2013 Hyundai Santa Fe: Easy Entry Through Overlapping Doors
November 6, 2013
I'm not aware of an agreed-upon term for the door design employed by the 2013 Hyundai Santa Fe. And even if there was one I think some explanation would still be necessary.
You could call them any number of things: overlapping doors, rockerless doors, narrow-sill doors. These terms all apply, but what do they mean?
Most doors are cut into the body. By that I mean the opening doesn't go all the way to the bottom. There's a visible cut-line with a rocker panel just below. The doors open to reveal a full-width sill.

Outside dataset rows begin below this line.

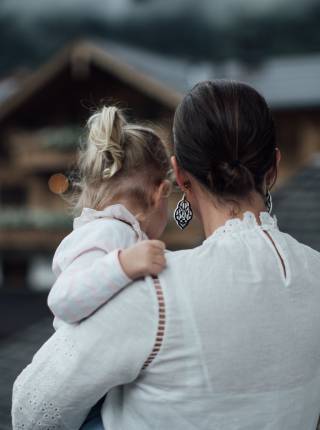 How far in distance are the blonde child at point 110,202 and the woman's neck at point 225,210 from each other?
0.44 ft

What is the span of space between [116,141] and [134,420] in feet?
2.83

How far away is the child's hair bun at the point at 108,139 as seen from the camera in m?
1.85

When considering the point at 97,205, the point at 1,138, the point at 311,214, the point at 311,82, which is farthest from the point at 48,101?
the point at 97,205

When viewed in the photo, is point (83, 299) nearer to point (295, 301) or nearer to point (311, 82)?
point (295, 301)

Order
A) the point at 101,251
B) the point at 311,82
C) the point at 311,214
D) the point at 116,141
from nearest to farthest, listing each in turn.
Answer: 1. the point at 101,251
2. the point at 116,141
3. the point at 311,214
4. the point at 311,82

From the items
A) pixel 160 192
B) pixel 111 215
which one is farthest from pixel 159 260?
pixel 160 192

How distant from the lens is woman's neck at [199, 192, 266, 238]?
1355 mm

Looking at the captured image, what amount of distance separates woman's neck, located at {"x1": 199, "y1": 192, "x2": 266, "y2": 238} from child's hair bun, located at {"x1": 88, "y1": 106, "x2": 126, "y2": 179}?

The Santa Fe doesn't have any of that. It's got rockerless narrow-sill overlapping doors that offer many practical advantages.
For one, they look better. The lack of a cut line eliminates another unsightly seam even though this isn't as easy to appreciate in this case due to the presence of gray cladding.
Second, the hidden sill is narrower by the thickness of the lower door, which makes it easier to get in, especially if you're not as flexible as you once were.
But the biggest advantage is this design's elimination of what I call "Minnesota winter job interview syndrome", which is closely related to the "Oregon off-road pant-leg effect" that I studied this summer.
In both cases the overlapping door is the primary depository of encrusted slush, silt or mud. Open the door and that junk swings away with it to reveal a clean and dry sill that won't transfer much (if any) crud onto your dress pants or blue jeans when you clamber in or out.
Hyundai's Santa Fe is by no means the only vehicle with this feature. Our Ford Flex had it, the Toyota Venza has it and there are other examples. Overlapping doors are far from universal, but the design is gaining ground.
If the idea appeals to you, it's easy to spot even if there isn't yet a catchy, self-explanatory name for it. Simply examine the cutline or, better yet, open the door.